MATERIAL FOR THIS EXERCISE:
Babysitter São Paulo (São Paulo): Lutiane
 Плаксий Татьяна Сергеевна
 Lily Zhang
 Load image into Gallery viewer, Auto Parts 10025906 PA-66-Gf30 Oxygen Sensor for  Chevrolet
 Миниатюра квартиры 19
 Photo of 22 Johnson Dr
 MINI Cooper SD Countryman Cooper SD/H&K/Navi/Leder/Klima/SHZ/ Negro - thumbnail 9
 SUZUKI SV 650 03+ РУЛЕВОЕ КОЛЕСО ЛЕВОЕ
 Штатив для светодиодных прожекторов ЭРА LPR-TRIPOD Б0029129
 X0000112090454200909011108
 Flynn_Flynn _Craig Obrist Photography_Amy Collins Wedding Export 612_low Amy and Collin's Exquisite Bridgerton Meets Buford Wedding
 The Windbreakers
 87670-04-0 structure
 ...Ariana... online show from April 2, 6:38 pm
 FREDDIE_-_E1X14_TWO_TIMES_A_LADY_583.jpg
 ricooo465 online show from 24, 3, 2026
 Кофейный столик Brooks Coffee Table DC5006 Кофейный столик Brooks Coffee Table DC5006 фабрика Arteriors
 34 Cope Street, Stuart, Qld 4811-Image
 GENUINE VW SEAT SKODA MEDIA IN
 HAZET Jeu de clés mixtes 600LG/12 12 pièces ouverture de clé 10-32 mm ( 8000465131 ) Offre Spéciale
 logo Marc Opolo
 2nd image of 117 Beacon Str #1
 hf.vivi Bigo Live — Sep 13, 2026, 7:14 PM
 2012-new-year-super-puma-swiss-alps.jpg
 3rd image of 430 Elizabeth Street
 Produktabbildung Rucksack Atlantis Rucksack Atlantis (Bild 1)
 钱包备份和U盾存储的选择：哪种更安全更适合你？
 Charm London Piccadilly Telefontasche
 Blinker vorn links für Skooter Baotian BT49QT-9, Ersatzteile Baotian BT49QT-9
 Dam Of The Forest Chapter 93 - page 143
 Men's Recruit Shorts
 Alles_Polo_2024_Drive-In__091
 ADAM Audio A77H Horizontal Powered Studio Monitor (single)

WORK INSTRUCTION: Every line above from the line with "GENUINE VW SEAT SKODA MEDIA IN" to the line with "Men's Recruit Shorts" is wanted, ends included; write them out exactly and add no other line.

YOUR RESPONSE:
 GENUINE VW SEAT SKODA MEDIA IN
 HAZET Jeu de clés mixtes 600LG/12 12 pièces ouverture de clé 10-32 mm ( 8000465131 ) Offre Spéciale
 logo Marc Opolo
 2nd image of 117 Beacon Str #1
 hf.vivi Bigo Live — Sep 13, 2026, 7:14 PM
 2012-new-year-super-puma-swiss-alps.jpg
 3rd image of 430 Elizabeth Street
 Produktabbildung Rucksack Atlantis Rucksack Atlantis (Bild 1)
 钱包备份和U盾存储的选择：哪种更安全更适合你？
 Charm London Piccadilly Telefontasche
 Blinker vorn links für Skooter Baotian BT49QT-9, Ersatzteile Baotian BT49QT-9
 Dam Of The Forest Chapter 93 - page 143
 Men's Recruit Shorts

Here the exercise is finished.